Machine Learning Execution Time in Asset Pricing

Machine Learning will quite certainly continue to be a hot topic in 2024 (to which extent we would rather not bet! 🙂 ) and the prevalence of the usage of artificial intelligence (AI) for individual stock picks of both individual and institutional investors is here to stay. And we are committed to bringing you new developments and keeping you in the loop. Today, we will review original research from Demirbaga and Xu, (2023) that highlights the critical role of machine learning model execution time (combination of time for ML training and prediction) in empirical asset pricing. The temporal efficiency of machine learning algorithms becomes more pivotal, given the necessity for swift investment decision-making based on the predictions generated from a lot of real-time trading data.
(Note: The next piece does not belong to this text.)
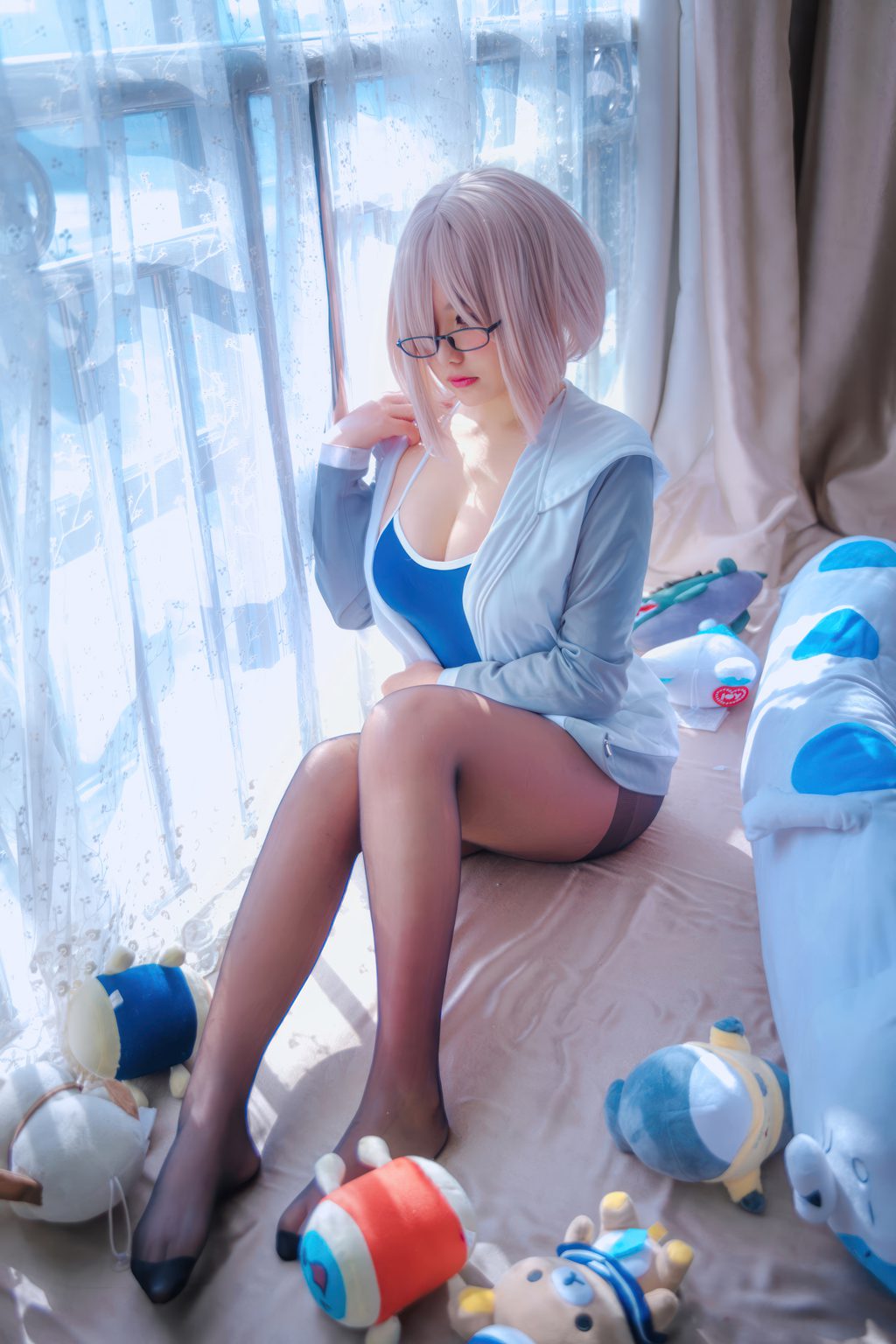 人气Coser@阿半今天很开心 玛修同人体操服 [20P/103MB] 网红写真-第2张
Their study comprehensively evaluates execution time across various models and introduces two time-saving strategies: feature reduction and a reduction in time observations. Notably, XGBoost (short for eXtreme Gradient Boosting, that mitigates inefficiencies by analyzing the feature distribution across all data points within a leaf node and leveraging this insight to narrow the search space for possible feature splits) emerges as a top-performing model, combining high accuracy with relatively low execution time compared to other nonlinear models.

Figure IV provides an ascending-order depiction of training and prediction times for these models. Linear, LASSO and ridge regression exhibit short training and prediction times, falling below 0.5 seconds. XGBoost outperforms gradient boosting in terms of both R2 and overall execution time. While random forest and decision trees exhibit reasonably high R2, their training and prediction times are suboptimal. The primary trade-off between predictive performance and execution time emerges between XGBoost and regression models (linear and ridge). XGBoost surpasses regressions by at least 0.16 in terms of R2, yet the training times of regression models are significantly shorter than XGBoost.

At last, findings underscore the interplay between model accuracy and execution time in enabling good investment decisions. For future studies, exploring additional time-efficient algorithms and assessing execution time in different financial contexts could yield valuable insights. Additionally, future research may explore the daily data for forecasting the next day’s equity returns.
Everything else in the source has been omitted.